17 December 1903, 10:35 a.m.

Orville Wright at the controls of the Flyer, just airborne on its first flight at Kill Devil Hills, North Carolina, 17 December 1903. Wilbur Wright is running along to stabilize the wing. This photograph was taken by John Thomas Daniels, Jr., using the Wright Brothers’ Gundlach Optical Company Korona-V camera. (Library of Congress Prints and Photographs Division)

17 December 1903, 10:35 a.m.: Orville and Wilbur Wright, two brothers from Dayton, Ohio, had been working on the development of a machine capable of flight since 1899. They started with kites and gliders before moving on to powered aircraft. At the Kill Devil Hills near Kitty Hawk, North Carolina, on the eastern shoreline of the United States, they made the first successful flight of a manned, powered, controllable airplane.

Orville was at the controls of the Flyer while Wilbur ran along side, steadying the right wing. Against a 27 miles per hour (12 meters per second) headwind, the airplane flew 120 feet (36.6 meters) in 12 seconds.

Three more flights were made that day, with the brothers alternating as pilot. Wilbur made the last flight, covering 852 feet (263.7 meters) in 59 seconds. The Flyer was slightly damaged on landing but before it could be repaired for an intended flight four miles back to Kitty Hawk, a gust of wind overturned the airplane and caused more extensive damage. It never flew again.

Flyer after fourth (final) flight. (Wright Brothers Aeroplane Company)

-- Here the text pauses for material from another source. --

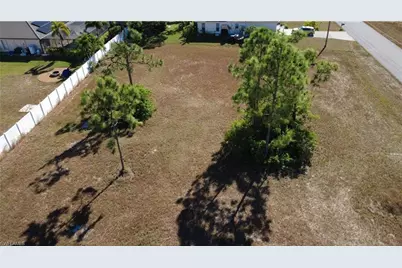 2529 NW 21st Pl, Cape Coral, FL 33993 - Photo 3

The 1903 Wright Flyer is a canard biplane, with elevators to the front and rudders at the rear. The flight controls twisted, or “warped,” the wings to cause a change in direction. The pilot lay prone in the middle of the lower wing, on a sliding “cradle.” He slid left and right to shift the center of gravity. Wires attached to the cradle acted to warp the wings and move the rudders. The airplane is built of spruce and ash and covered with unbleached muslin fabric.

Wright Flyer, front view. (Wright Brothers Aeroplane Company)
Wright Flyer, front view. (Wright Brothers Aeroplane Company)

The Flyer is 21 feet, 1 inch (6.426 meters) long with a wingspan of 40 feet, 4 inches (12.293 meters) and overall height of 9 feet, 3 inches (2.819 meters). The wings have an angle of incidence of 3° 25′. A built-in curvature of the wings creates a continuously-varying anhedral. (The wingtips are 10 inches (25.4 centimeters) lower than at the centerline.) The vertical gap between the upper and lower wings is 6 feet, 2 inches (1.880 meters). There is no sweep or stagger. The total wing area is 510 square feet (47.38 square meters). The Flyer weighs 605 pounds (274.4 kilograms), empty.

Wright Flyer, right quarter view. The airplane was damaged during the landing after its fourth flight. (Wright Brothers Aeroplane Company)

The Flyer was powered by a single water-cooled, normally-aspirated, 201.06-cubic-inch-displacement (3.30 liter) 4-cylinder inline overhead valve gasoline engine, which produced 12 horsepower at 1,025 r.p.m. The engine was built by the Wright’s mechanic, Charlie Taylor. The engine has a cast aluminum alloy crankcase with cast iron cylinders. Fuel is supplied from a gravity-feed tank mounted under the leading edge of the upper wing. Total fuel capacity is 22 fluid ounces (0.65 liters).

Wright Flyer, left profile. (Wright Brothers Aeroplane Company)
Wright Flyer, right profile. (Wright Brothers Aeroplane Company)

Using chains, sprockets, and drive shafts, the engine turns two fixed-pitch wooden propellers in opposite directions at 350 r.p.m. They turn outboard at the top of their arcs. The propellers have a diameter of 8 feet, 6 inches (2.591 meters) and are positioned at the trailing edges of the wings in a pusher configuration.

The Wright's airfield at Kittyhawk, North Carolina. Wilbure Wright is standing in the hangar. (Wright Brothers Aeroplane Company)
The Wright’s airfield near Kittyhawk, North Carolina. Wilbur Wright is standing in the hangar. (Wright Brothers Aeroplane Company)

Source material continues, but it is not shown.